He contributed valuable information about the differences between “peace time” and “war time” companies, and how agile marketing worked in different settings. Here are a few key essentials we learned on how to adopt a more agile marketing strategy.

How do you define agile marketing?

In the 1950s, software design adopted the Waterfall Model, a technique used for building and construction. However, this system did not account for customer feedback. There was a strong false feedback loop as customer feedback was not involved in the process, and the only thing marketing had available was half-assed focus groups.
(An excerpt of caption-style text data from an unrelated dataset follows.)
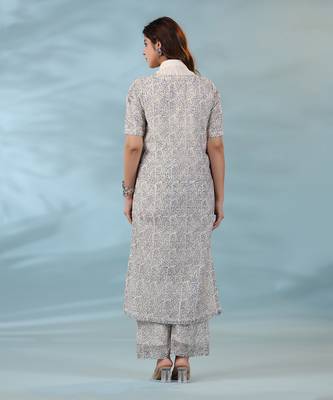 Off white blue ocean boss kurta set 3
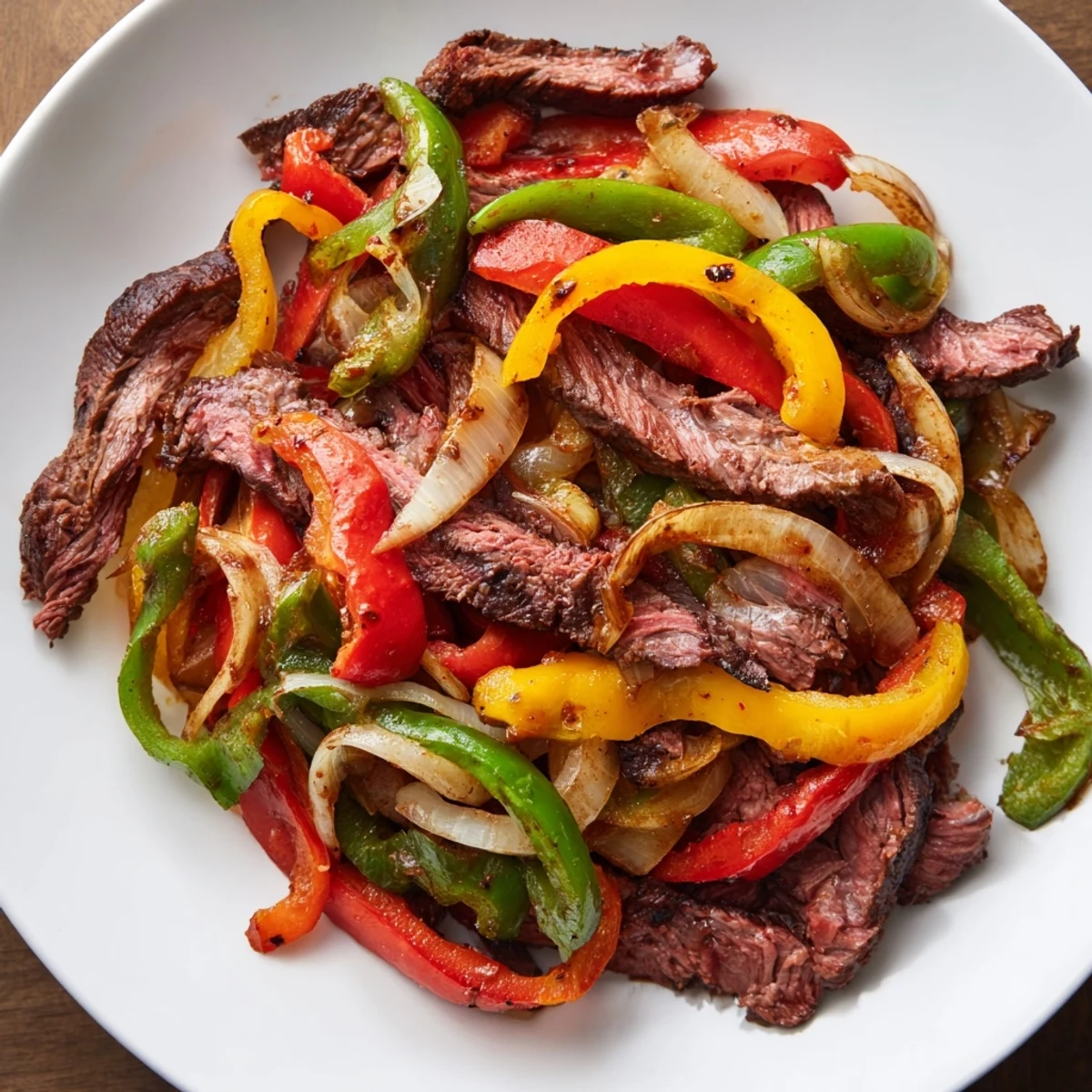 Sizzling beef fajitas with peppers and onions on a warm tortilla, garnished with fresh cilantro and lime.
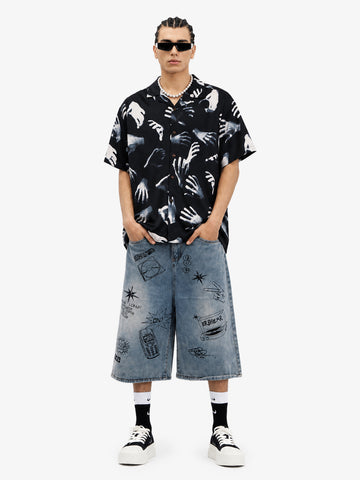 Chemise cubaine gothique à mains fantômes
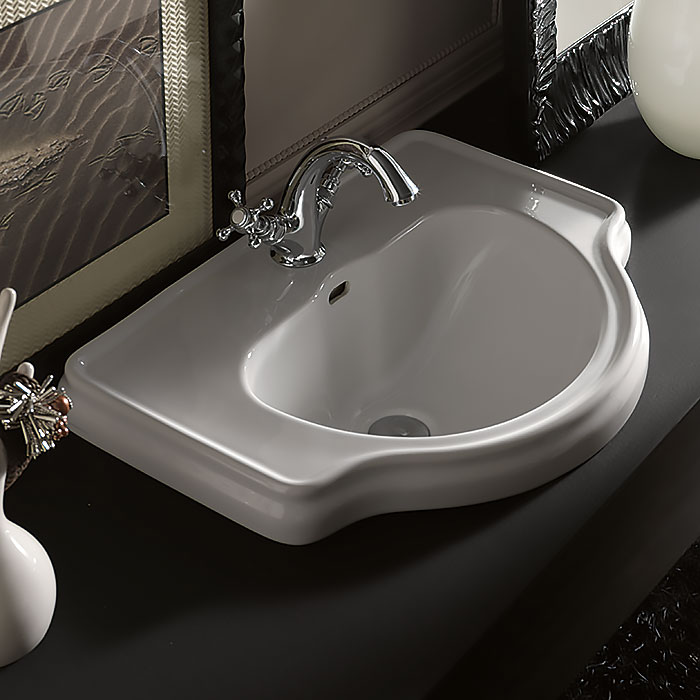 KERASAN Retro Раковина 62х45,5см с 1 отв. под смеситель, цвет белый 103001*1 - 1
Agile is a systematic way to meet the day-to-day needs of a business, while still preserving some time to experiment and adapt throughout the process. You must constantly be moving between innovation and customer needs. There is an art to prioritizing both and it depends on if you company is in peace time or war time.

How do you define peace time and war time?

Peace time is about trying to invent a new way to work. You have the time to sequentially line up all the right resources. In peace time you can describe, analyze, and evaluate your customers. The backlog is organized by durable teams and prioritized by product owners. Data is your influence tool.

In war time prioritization shifts to the business owner’s responsibility and the process becomes to evaluate and prescribe. The data sets your priority. It is crucial to push decision-making out, and make sure the day-to-day needs are met. The backlog becomes the only priority.

Where is the line for war time? How do you know?

You are in war time when, if you don’t hit the objective, the company will be done. This is often the case with seed stage companies as they have to validate themselves to get the next round of funding.

CEO top priorities have shifted to innovation being their key objective. Why has that changed so drastically?

My rough estimate is that the key tech changed. Solving for problems is happening in different ways. Commerce has been around forever, but Amazon found a way to reinvent it, using the technology available. Technology and the Internet have provided a completely different playing field. CEOs used to worry about enterprise solving business, but now it is the agility of bringing a product to market that can solve for issues customers are facing.

Why is marketing struggling with agile practices?

Marketing still consistently operates in peace time. We use a process very similar to the Waterfall Method where we think customer equals the same as channel. We presuppose that we know the answer, but now that software can deliver directly to customer, we can receive direct data, and need to be better about analyzing and acting upon it.

Communication and time management are trained into engineers’ workflow, but not marketers. Saying you will have the report “next Wednesday” is not sustainable. Those who are incentivized deal with the chaos, and marketing has to adopt a faster method of adapting.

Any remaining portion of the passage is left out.